Since reference samples go through a prediction and a
reconstruction process, a quantization error may occur. Therefore,
to reduce the quantization error, a reference sample filtering
process can be carried out for each prediction mode employed for
the intra-prediction.
[0071] The prediction signal generated through the inter-prediction
unit 180 or the intra-prediction unit 185 can be used to generate a
reconstruction signal or a residual signal.
[0072] FIG. 2 is a block diagram of a decoder carrying out decoding
of a video signal according to an embodiment of the present
invention.
[0073] With reference to FIG. 2, a decode 200 comprises an entropy
decoding unit 210, a de-quantization unit 220, an inverse transform
unit 230, a filtering unit 240, a decoded picture buffer (DPB) unit
250, an inter-prediction unit 260, and an intra-prediction unit
265.
[0074] A reconstructed video signal produced through the decoder
200 can be played through a player.
[0075] The decoder 200 can receive a signal output from the encoder
of FIG. 1 (namely, bitstream), and the received signal can be
entropy decoded through the entropy decoding unit 210.
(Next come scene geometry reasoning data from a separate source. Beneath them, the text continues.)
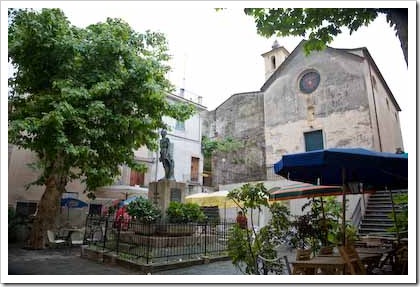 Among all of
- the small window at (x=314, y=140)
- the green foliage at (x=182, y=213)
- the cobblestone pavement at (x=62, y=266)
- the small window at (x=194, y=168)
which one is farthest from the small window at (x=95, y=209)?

[0076] The de-quantization unit 220 obtains transform coefficients
from an entropy decoded signal by using the information of
quantization step size.
[0077] The inverse transform unit 230 obtains a residual signal by
inversely transforming the transform coefficients.
[0078] By adding the obtained residual signal to a prediction
signal output from the inter-prediction unit 260 or the
intra-prediction unit 265, the inverse transform unit 230 generates
a reconstructed signal.
[0079] The filtering unit 240 performs filtering on the
reconstructed signal and outputs the filtered reconstructed signal
to a player or sends the filtered reconstructed signal to the
decoded picture buffer unit 250. The filtered signal sent to the
decoded picture buffer unit 250 can be used in the inter-prediction
unit 260 as a reference picture.
[0080] In the present invention, embodiments described with respect
to the filtering unit 160, the inter-prediction unit 180, and the
intra-prediction unit 185 of the encoder 100 can be applied the
same for the filtering unit 240, the inter-prediction unit 260, and
the intra-prediction unit 265, respectively.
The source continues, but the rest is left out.